概要
補肺(ほはい)は、肺気または肺陰の不足を補うことを目的とした治法である。 肺は「気の本」「華蓋」と称され、呼吸・宣発粛降・津液代謝・防衛などを主る。 そのため、肺の虚損によって咳嗽・息切れ・倦怠・自汗・易感冒・乾咳などの症状が現れる。 補肺法は、肺気虚・肺陰虚のいずれにも応じて、益気・養陰・潤肺の薬を用い、 肺の宣粛作用を回復させることを目指す。
主な適応症状
- 咳嗽・息切れ・呼吸促迫
- 声低く気短・話すと疲れる
- 自汗・易感冒
- 乾咳・咽乾・痰少・喉の違和感
- 顔色蒼白・倦怠感・脈虚弱
- 舌質淡または紅・苔薄・脈虚または細数
主な病機
- 肺気虚:久病・過労・外感後の虚弱により、宣発粛降が不利 → 咳嗽・息切れ・易感冒。
- 肺陰虚:慢性咳嗽・熱病後の津傷により、肺陰不足 → 乾咳・咽乾・午後熱。
- 気陰両虚:長期の病後・老化などで肺気と肺陰がともに虚 → 声低・倦怠・口乾。
主な配合法
- 補肺+益気:肺気虚による咳嗽・気短・疲労(例:玉屏風散・補中益気湯)。
- 補肺+養陰潤燥:肺陰虚による乾咳・咽乾(例:沙参麦門冬湯・百合固金湯)。
- 補肺+止咳平喘:虚弱性咳嗽・喘息(例:人参養栄湯・生脈散合定喘湯)。
- 補肺+固表:肺気虚による自汗・易感冒(例:玉屏風散)。
- 補肺+健脾:脾肺両虚による咳嗽・倦怠(例:六君子湯・参苓白朮散)。
代表的な方剤
- 玉屏風散(ぎょくへいふうさん):益気固表・補肺止汗。肺気虚・自汗・感冒予防に。
- 人参養栄湯(にんじんようえいとう):益気養血・補肺健脾。慢性咳嗽・虚弱体質に。
- 沙参麦門冬湯(しゃじんばくもんどうとう):養陰清肺・益胃生津。乾咳・咽乾に。
- 百合固金湯(びゃくごうこきんとう):養陰潤肺・化痰止咳。肺腎陰虚の慢性咳嗽に。
- 生脈散(しょうみゃくさん):益気生津・斂陰止汗。気陰両虚による咳嗽・虚脱に。
- 補中益気湯(ほちゅうえっきとう):補気昇陽・健脾益肺。肺脾気虚による疲労・気短に。
臨床でのポイント
- 補肺の基本は宣発粛降機能の回復にあり、気虚か陰虚かを明確に弁別する。
- 気虚では人参・黄耆・白朮・五味子を、陰虚では沙参・麦門冬・玉竹・百合を用いる。
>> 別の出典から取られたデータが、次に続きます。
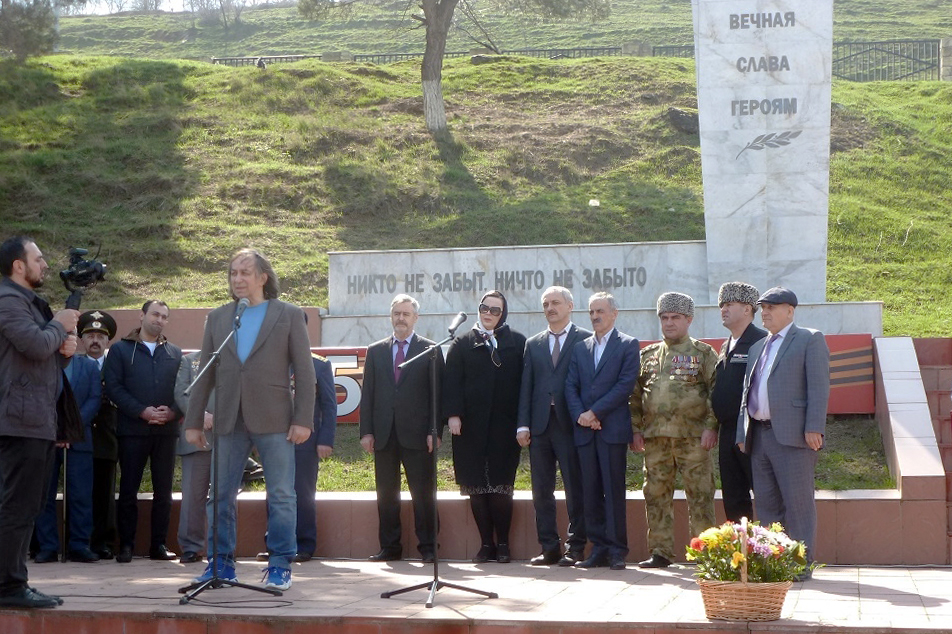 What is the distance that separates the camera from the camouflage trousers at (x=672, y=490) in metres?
7.05

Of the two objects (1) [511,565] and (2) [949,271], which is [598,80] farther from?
(1) [511,565]

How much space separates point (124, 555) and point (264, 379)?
7.86 feet

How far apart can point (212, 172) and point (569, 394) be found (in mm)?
15076

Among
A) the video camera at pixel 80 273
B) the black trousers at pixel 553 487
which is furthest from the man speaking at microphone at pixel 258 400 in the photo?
the black trousers at pixel 553 487

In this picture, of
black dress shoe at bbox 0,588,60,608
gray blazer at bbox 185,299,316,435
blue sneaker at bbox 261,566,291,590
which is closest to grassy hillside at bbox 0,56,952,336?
gray blazer at bbox 185,299,316,435

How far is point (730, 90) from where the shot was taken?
1283 centimetres

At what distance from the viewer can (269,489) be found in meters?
6.07

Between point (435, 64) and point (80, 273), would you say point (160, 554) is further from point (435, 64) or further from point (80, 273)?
point (435, 64)

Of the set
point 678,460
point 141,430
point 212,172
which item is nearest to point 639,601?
point 678,460

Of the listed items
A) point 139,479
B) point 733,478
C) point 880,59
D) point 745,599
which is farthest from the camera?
point 880,59

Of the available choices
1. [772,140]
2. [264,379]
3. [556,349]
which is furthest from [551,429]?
[772,140]

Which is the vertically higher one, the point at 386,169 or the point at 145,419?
the point at 386,169

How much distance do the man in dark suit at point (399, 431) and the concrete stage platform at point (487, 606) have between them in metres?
0.74

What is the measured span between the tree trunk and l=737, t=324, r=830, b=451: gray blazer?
17.0m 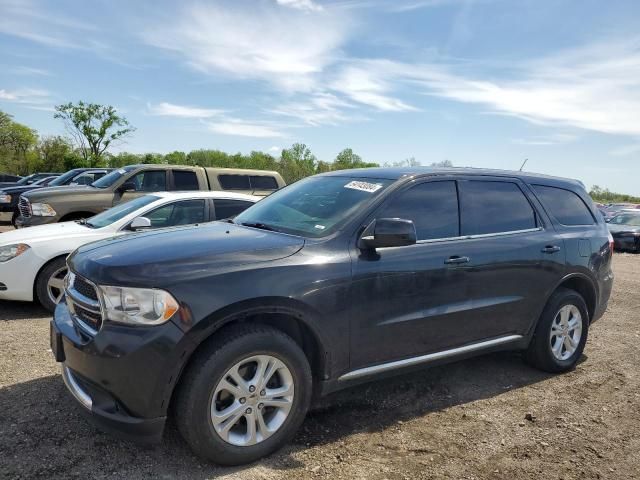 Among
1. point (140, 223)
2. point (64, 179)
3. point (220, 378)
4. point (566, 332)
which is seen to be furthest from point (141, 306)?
point (64, 179)

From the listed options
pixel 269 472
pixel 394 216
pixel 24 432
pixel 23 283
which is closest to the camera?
pixel 269 472

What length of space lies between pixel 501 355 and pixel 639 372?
1.23m

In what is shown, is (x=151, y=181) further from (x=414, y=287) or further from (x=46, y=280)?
(x=414, y=287)

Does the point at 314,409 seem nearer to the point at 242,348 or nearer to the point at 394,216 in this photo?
the point at 242,348

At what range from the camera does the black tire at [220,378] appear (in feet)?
8.87

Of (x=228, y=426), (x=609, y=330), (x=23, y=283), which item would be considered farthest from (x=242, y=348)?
(x=609, y=330)

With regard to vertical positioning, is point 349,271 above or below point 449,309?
above

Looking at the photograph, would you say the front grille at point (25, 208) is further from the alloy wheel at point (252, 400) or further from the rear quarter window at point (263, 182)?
the alloy wheel at point (252, 400)

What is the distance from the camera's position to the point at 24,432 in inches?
125

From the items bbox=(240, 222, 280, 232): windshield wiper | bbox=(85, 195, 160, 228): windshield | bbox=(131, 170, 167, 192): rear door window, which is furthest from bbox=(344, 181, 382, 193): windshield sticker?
bbox=(131, 170, 167, 192): rear door window

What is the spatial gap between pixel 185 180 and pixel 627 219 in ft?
56.1

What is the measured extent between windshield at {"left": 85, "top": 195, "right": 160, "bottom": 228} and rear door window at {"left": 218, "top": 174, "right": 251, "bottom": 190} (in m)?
3.34

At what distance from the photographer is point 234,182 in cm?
1031

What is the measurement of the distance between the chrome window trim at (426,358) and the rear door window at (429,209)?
87 centimetres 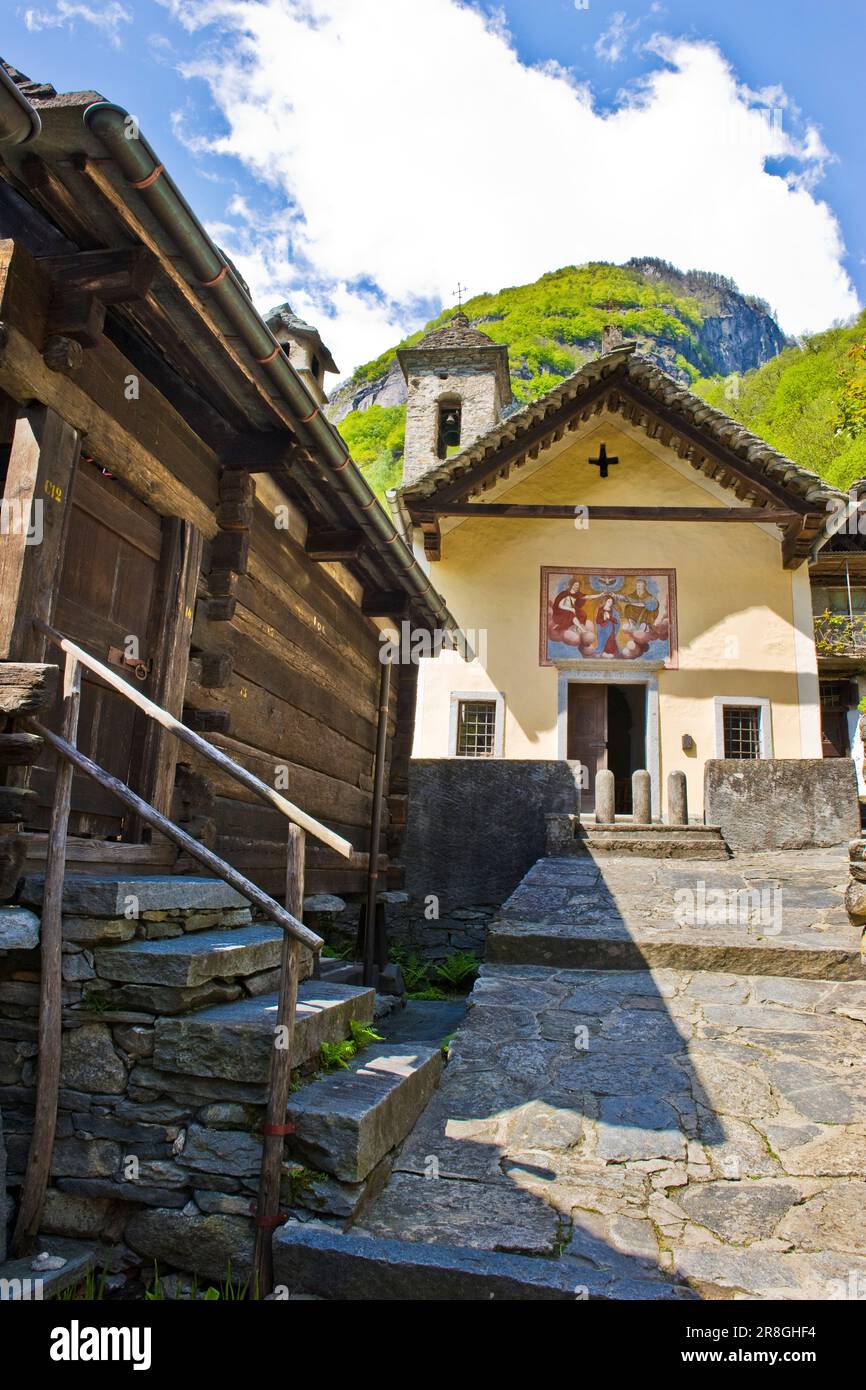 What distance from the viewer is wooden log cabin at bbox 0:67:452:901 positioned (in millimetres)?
3398

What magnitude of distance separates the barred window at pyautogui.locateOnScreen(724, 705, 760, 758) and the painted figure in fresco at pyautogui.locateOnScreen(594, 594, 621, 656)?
1992 mm

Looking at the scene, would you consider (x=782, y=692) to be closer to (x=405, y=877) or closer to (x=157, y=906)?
(x=405, y=877)

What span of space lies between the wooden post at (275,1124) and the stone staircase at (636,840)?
20.4 feet

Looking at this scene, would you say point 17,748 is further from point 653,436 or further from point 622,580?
point 653,436

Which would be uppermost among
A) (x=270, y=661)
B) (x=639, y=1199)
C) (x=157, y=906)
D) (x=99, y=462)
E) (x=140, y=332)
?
(x=140, y=332)

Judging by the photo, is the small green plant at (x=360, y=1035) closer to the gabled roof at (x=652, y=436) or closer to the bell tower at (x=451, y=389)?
the gabled roof at (x=652, y=436)

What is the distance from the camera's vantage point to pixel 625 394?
14.5m

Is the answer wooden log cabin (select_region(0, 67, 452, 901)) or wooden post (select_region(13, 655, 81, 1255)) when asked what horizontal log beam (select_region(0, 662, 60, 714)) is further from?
wooden post (select_region(13, 655, 81, 1255))

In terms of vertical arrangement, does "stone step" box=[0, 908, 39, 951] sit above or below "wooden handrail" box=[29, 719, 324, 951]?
below

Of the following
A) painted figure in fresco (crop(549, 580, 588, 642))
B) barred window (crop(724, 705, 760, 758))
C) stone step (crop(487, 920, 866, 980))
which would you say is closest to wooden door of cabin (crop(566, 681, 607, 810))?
painted figure in fresco (crop(549, 580, 588, 642))

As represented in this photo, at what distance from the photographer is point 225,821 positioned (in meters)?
5.53

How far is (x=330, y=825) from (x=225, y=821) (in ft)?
7.51

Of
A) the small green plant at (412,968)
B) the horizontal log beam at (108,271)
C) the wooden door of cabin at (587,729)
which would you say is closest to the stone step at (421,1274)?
the horizontal log beam at (108,271) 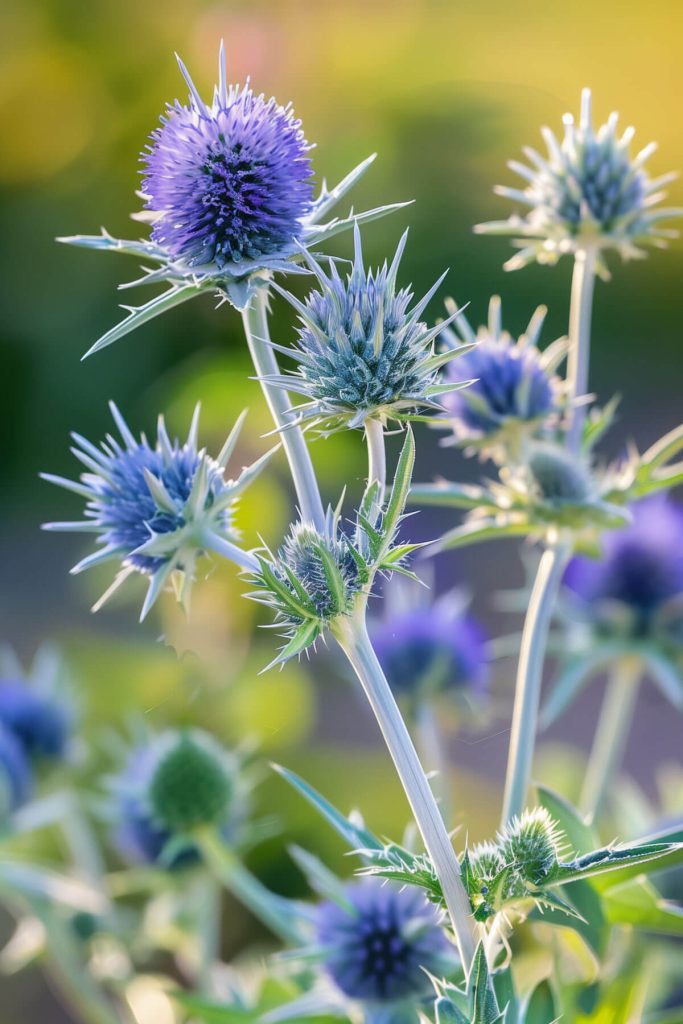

- 脾気虚を兼ねる場合は健脾益気薬を、腎虚を兼ねる場合は補腎納気薬を併用する。
- 外感後の慢性咳嗽では、清熱・化痰・潤燥薬を加えて治療効果を高める。
- 長期服用時は滋膩薬の過用により痰湿が生じやすいため、注意して加減する。
まとめ
補肺は、肺気虚・肺陰虚などによる咳嗽・息切れ・倦怠・自汗などの症状を改善する治法である。 益気・養陰・潤肺を中心に、脾・腎との関係を考慮して治療を組み立てる。 代表的な方剤には玉屏風散・沙参麦門冬湯・百合固金湯・生脈散などがあり、 虚の性質と兼証に応じて適宜配合することで、肺の宣粛作用と体力を回復させる。